Querido Pai
Todas as cartas que lhe
escrevo são abertas. Deixou de ter morada certa. Apenas ficou em mim, para
sempre. E será um sempre muito precário. Também partirei qualquer dia. É esta a
nossa maior premonição. Prever a nossa finitude. Sem hora, dia e ano, mas
certa. Sem erro. Acontecerá.
Não sei e nem tenho a
certeza se me juntarei a si, pai. Quem dera que assim acontecesse. E que me estivesse esperando com a mãe. Pensaria ,
então, que estaria a regressar da Escola ou talvez da Faculdade, quando alguns
cabelos brancos adornavam já a sua cabeça. Que de solicitude havia em vós.
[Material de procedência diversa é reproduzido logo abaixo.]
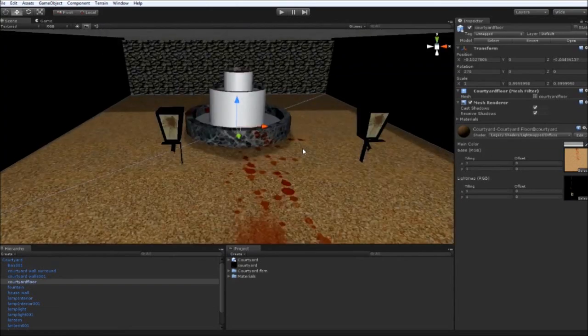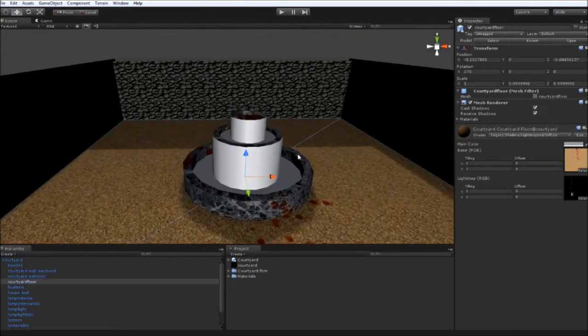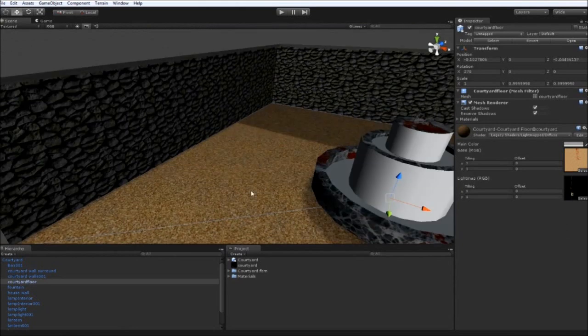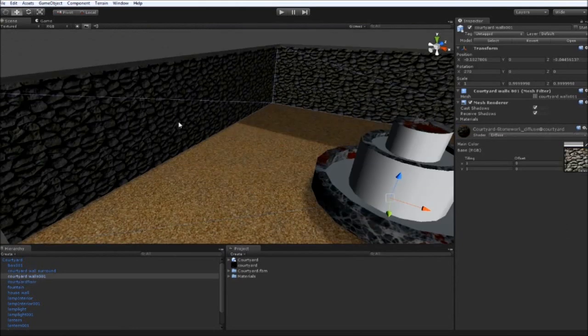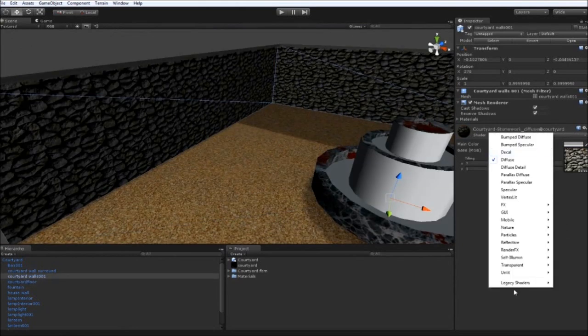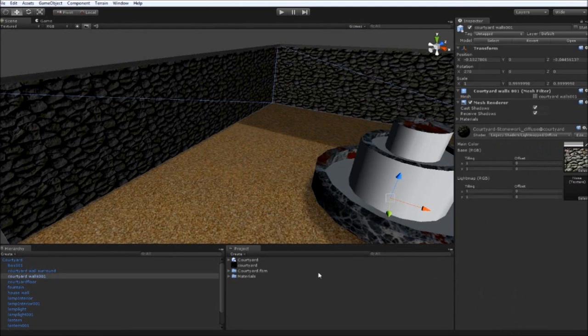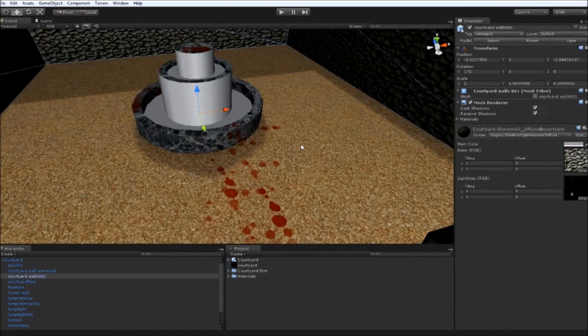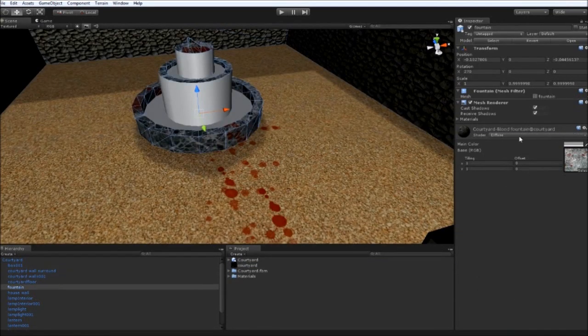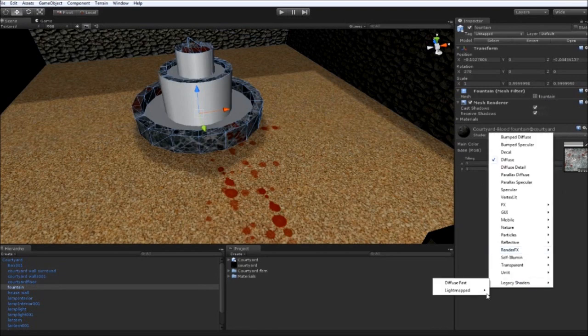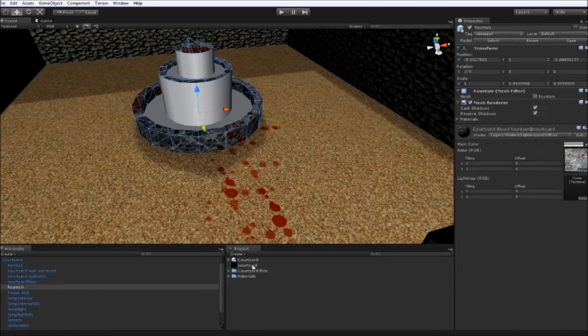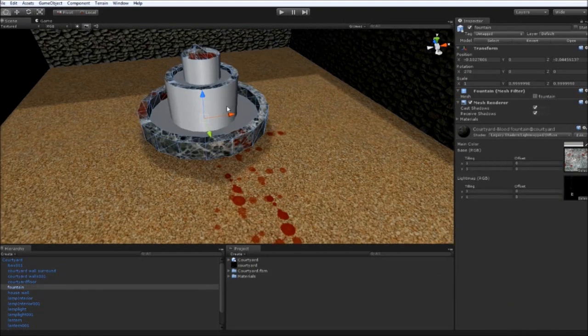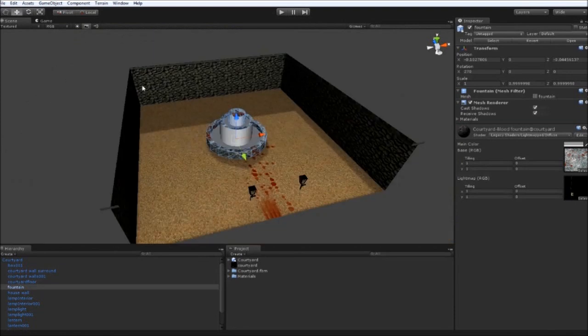If you click on the wall. Legacy Shaders, Light Mapped, Diffuse. Drag the Courtyard into there. Click on the Fountain. Legacy Shaders, Light Mapped, Diffuse. Drag in the Courtyard. And at the moment, this scene is using the scene's default lighting. So you can turn this off by clicking on the sun. And this is what you'll see in game.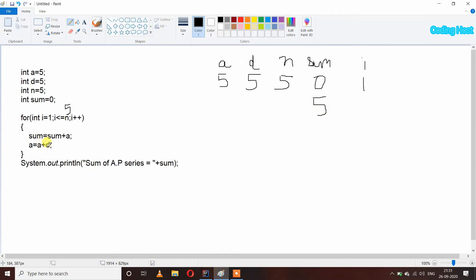After that A equal to A plus D: A is 5 and D is also 5, so 5 plus 5 is 10, and that is the next term of our AP. After that i plus plus, so i will become 2. We again check that i is less than or equal to N — yes, 2 is less than 5, our condition is true and we again get inside the loop.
Transformava-se em carinhosas e preocupadas
perguntas sobre o dia. Se tinha sido
frutífero, compensador, agradável. E eu beijava-vos e contava-vos o
que descobrira, o que me assombrara naquele percurso diurno . Era o tempo do
meu crescimento.
Crescer, pai. Cresceram já
os meus filhos . Hoje são os meus netos
que partem e regressam da Escola. Olho-os diariamente e revejo todos aqueles momentos
tão semelhantes, mas irrepetíveis. Feita em saudade, tenho agora a mesma idade, desse vosso/nosso tempo distante
“Parece que crescemos mas
não crescemos/ foram as coisas grandes que há/ o amor que há, a esperança que
há/ que ficaram mais pequenos.” Palavras belas de um poema de Manuel António
Pina. O mundo mudou muito desde que partiu , pai. Ontem , em Londres , houve um
outro atentado terrorista. Não, não tem qualquer semelhança com o tempo do IRA. Há,
sim e apenas, um rótulo que se diz religioso, também. São atentados em nome de um grupo que se
reclama islamita. E o mundo ficou exposto à facínora mão de alguém que aparece
sem ser visto, sem marca , sem identificação mas cruel. Mata porque quer matar.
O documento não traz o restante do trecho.